| What the exercise asks |
Reproduce exactly the run of lines that begins with the one containing "Nigeria Probiotic Yeast" and ends with the last line of the records, omitting pictures.

| Extracted material |
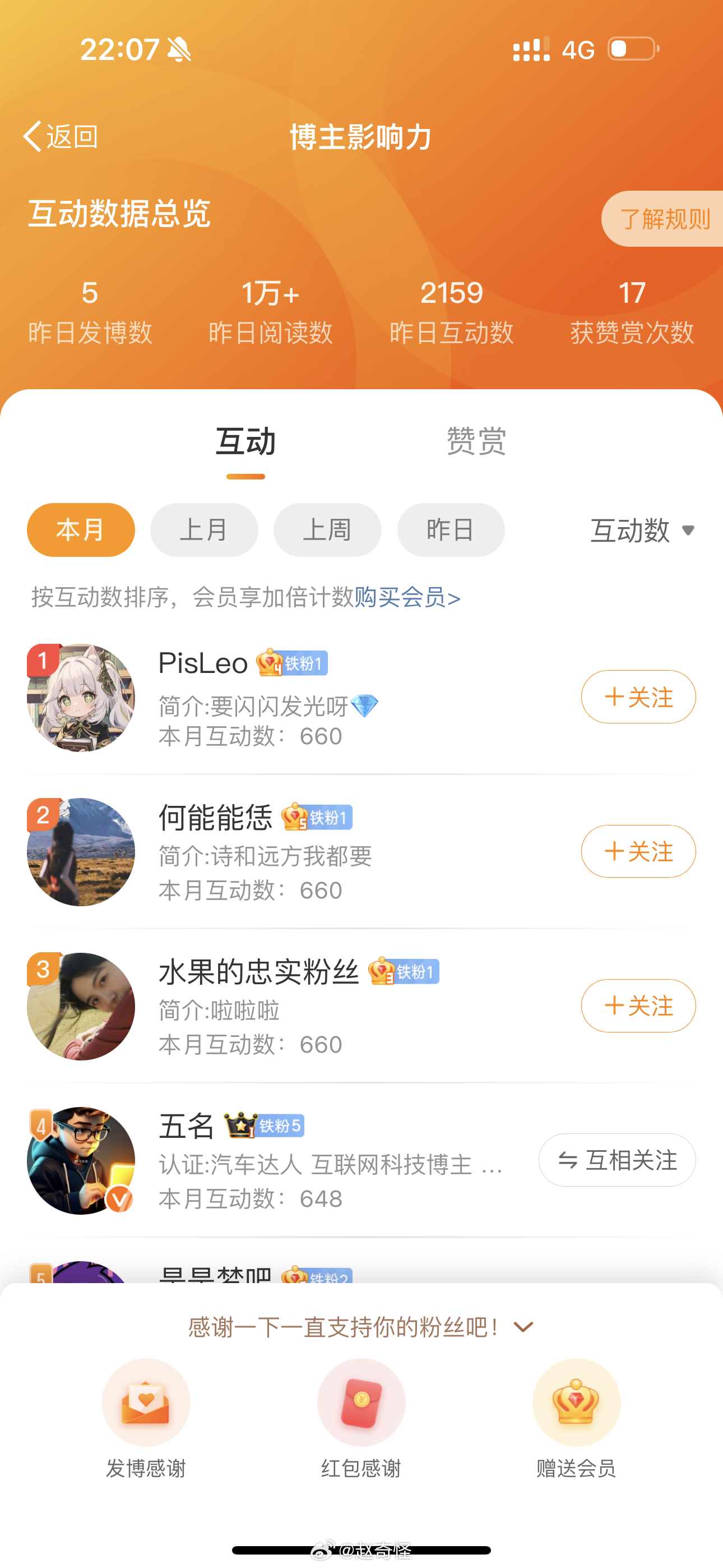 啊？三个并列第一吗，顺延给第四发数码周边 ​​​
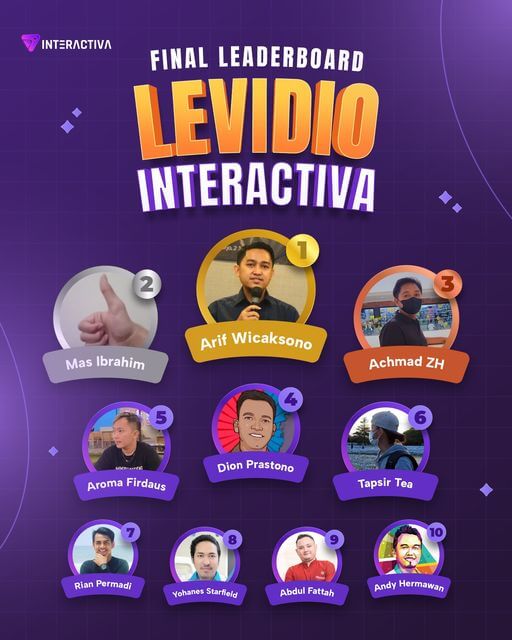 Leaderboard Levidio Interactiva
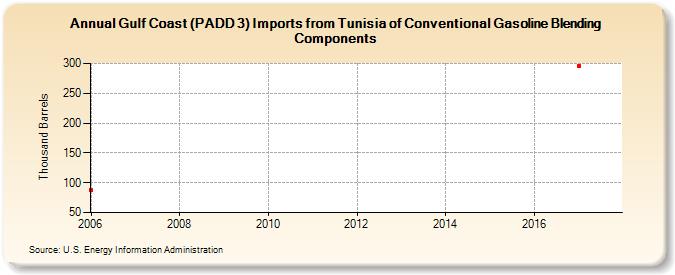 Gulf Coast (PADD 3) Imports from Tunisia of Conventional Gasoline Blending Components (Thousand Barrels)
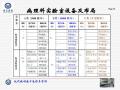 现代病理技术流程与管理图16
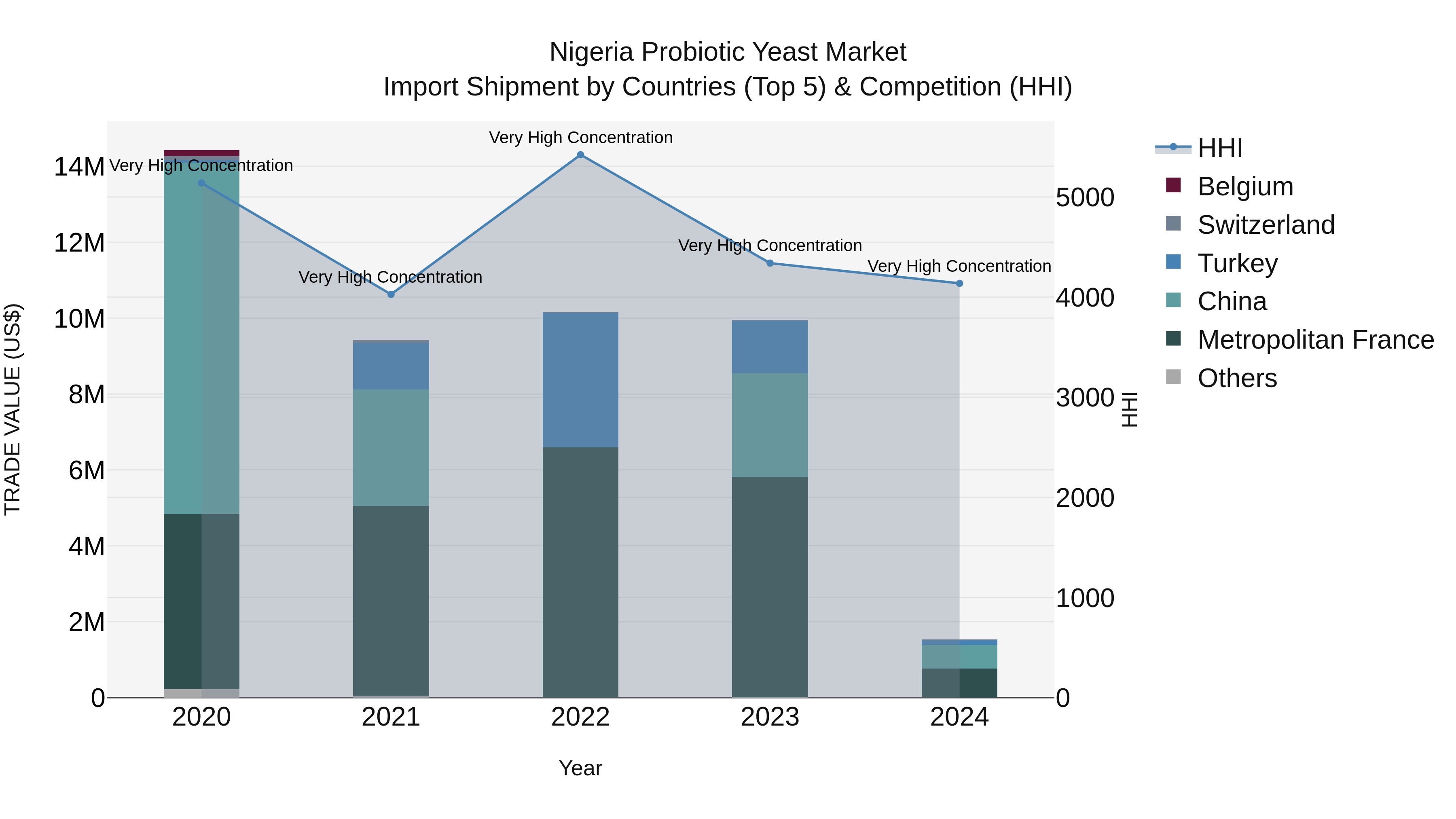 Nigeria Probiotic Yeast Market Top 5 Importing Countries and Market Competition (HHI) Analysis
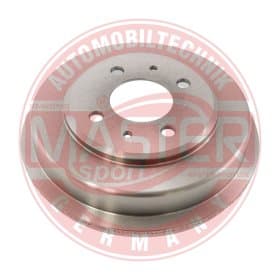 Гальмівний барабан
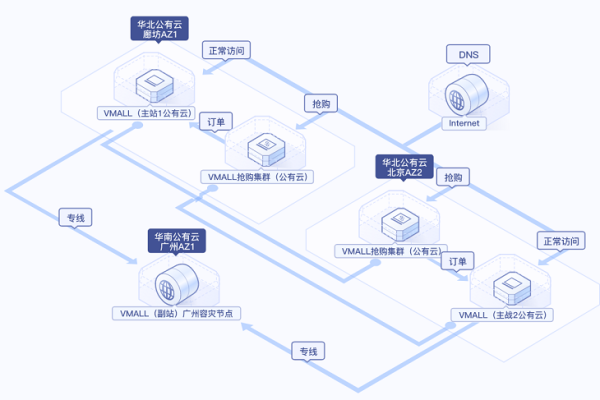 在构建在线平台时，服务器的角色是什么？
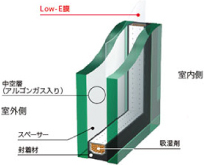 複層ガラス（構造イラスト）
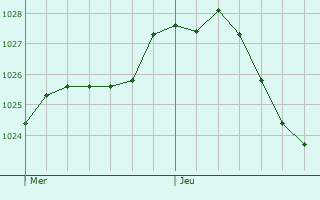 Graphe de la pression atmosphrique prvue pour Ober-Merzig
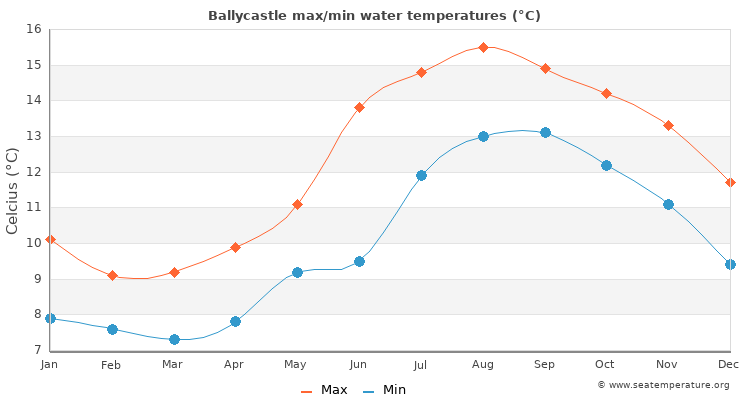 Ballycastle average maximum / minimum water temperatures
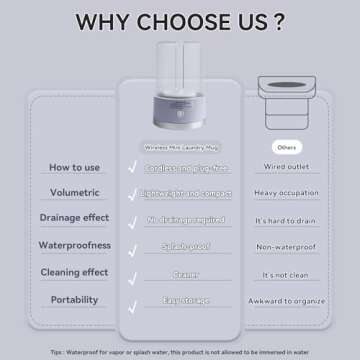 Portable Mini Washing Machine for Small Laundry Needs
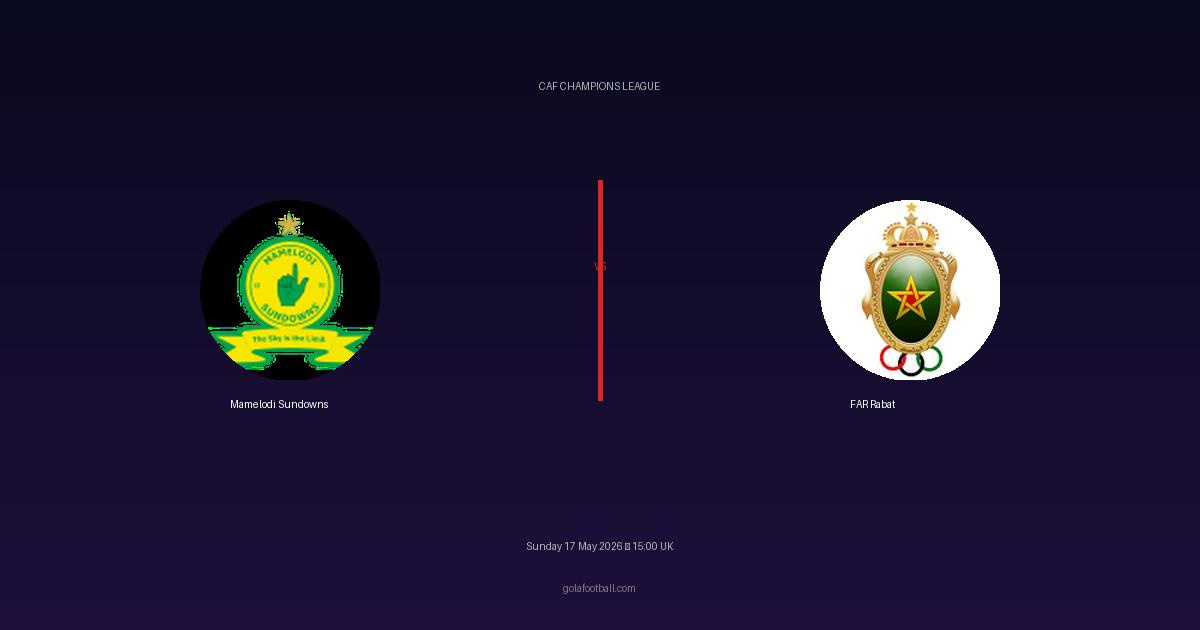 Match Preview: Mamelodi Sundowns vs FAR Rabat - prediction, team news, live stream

| Answer area |
 Nigeria Probiotic Yeast Market Top 5 Importing Countries and Market Competition (HHI) Analysis
 Гальмівний барабан
 在构建在线平台时，服务器的角色是什么？
 複層ガラス（構造イラスト）
 Graphe de la pression atmosphrique prvue pour Ober-Merzig
 Ballycastle average maximum / minimum water temperatures
 Portable Mini Washing Machine for Small Laundry Needs
 Match Preview: Mamelodi Sundowns vs FAR Rabat - prediction, team news, live stream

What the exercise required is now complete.